In article , "Jim Jastrzebski"
writes:

The evidence for time dilation of distant supernovae light
curves actually supports the idea that the universe is not
expanding. It is because this effect is consistent with a
variation of Einsteinian theory of gravity, in which (unlike
in the big bang cosmology) it is assumed that the principle
of conservation of energy is valid absolutely.

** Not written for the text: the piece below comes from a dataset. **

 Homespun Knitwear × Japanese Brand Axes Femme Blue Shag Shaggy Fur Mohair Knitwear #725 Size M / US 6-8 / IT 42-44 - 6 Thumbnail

http://www.geocities.com/wlodekj/sci/3263.htm


Can you give a brief list of testable predictions this theory makes?


Of course, here it is:
1. That the time in a virialized cloud of dust runs slower than
outside (obviously) but much slower than it is required by the
common gravitational redshift, and its change with distance is
not quadratic (as in the common gravitational redshift) but
exponential and that in the case of our universe, assuming its
density were around 6E-27 kg/m3, it would produce
Hubble's constant around 70 km/s/Mpc without any real
expansion of space.
2. That the acceleration of the observed (apparent in this
case) expansion of the universe would be 2.5E-36 1/s2.
3. That there is a lower limit of "dynamical friction" (quote
since it is the Newtonian name of the effect while this
particular effect is relativistic) experienced by any object
moving in our universe of about 7E-10 m/s2.
4. That the "average size" of the pieces of non luminous
matter in our universe, deduced from the 2.7K temperature
of CMBR, assuming density of those pieces of order of
1E3 kg/m3, is of order of 1 m across..


[Jim Jastrzebski]
There is one more possible testable prediction that
I forgot. Probably nothing that can be used to test
anything in practice but it's funy so I would list it as
well: it is that the predicted volume of the spacetime
comes out as zero. It's because the metric tensor
comes out degenerate. It is shown here (for brevity
with c = 1, and angular coordinates dropped):
g_uv =
[ exp(-2r/R) -exp(-2r/R) ]
[ exp(2r/R) -exp(2r/R) ]
where R is accidentally a number equal to "Einstein's
radius of the universe", c/sqrt(4 pi G rho), where G is
Newtonian gravitational constant, and rho is density
of space. It makes R the same as the radius of spatial
hypersphere of "Einstein's universe". The cosmological
constant of this universe is of course 1/R^2.

Another funny thing is that this radius of curvature,
and so also the cosmological constant, come out
from purely Newtonian math that does not know
aything about curvatures. This math was just applied
to calculate the time dilation in virialized clouds of
dust in the same way as gravitational time dilation
could be calculated, straight from simple Newtonian
balance of energies.

The metric, despite that metric tensor is degenerate
(which harms nobody except making spacetime
geometry non Riemannian and not allowing to use
metric tensor for raising and lowering tensor indeces
any more) comes out quite decent as ds^2 =
exp(-2r/R)dt^2 + 2sinh(2r/R)dtdr - exp(2r/R)dr^2.
Of course it gets reduced to Minkowski for rR,
it's null for dt = dr, and homogenous.

So it seems to have all the required properties that
we might want from a metric, except publishablility
of course, since no physicist is apparently interested
in metrics that don't produce expanding space. But
I hope it might entertain astronomers as a kind of a
curio: no expansion, and yet it makes the universe
looking as if it were expanding with accelerating
expansion; the numbers seem to come out right; it
does not violate any physical pronciple including
the conservation of energy; and it is actually derived
only from the principle of conservation of energy,
and with Newtonian math only. A genuine puzzle
to me. I hope someone here will solve it.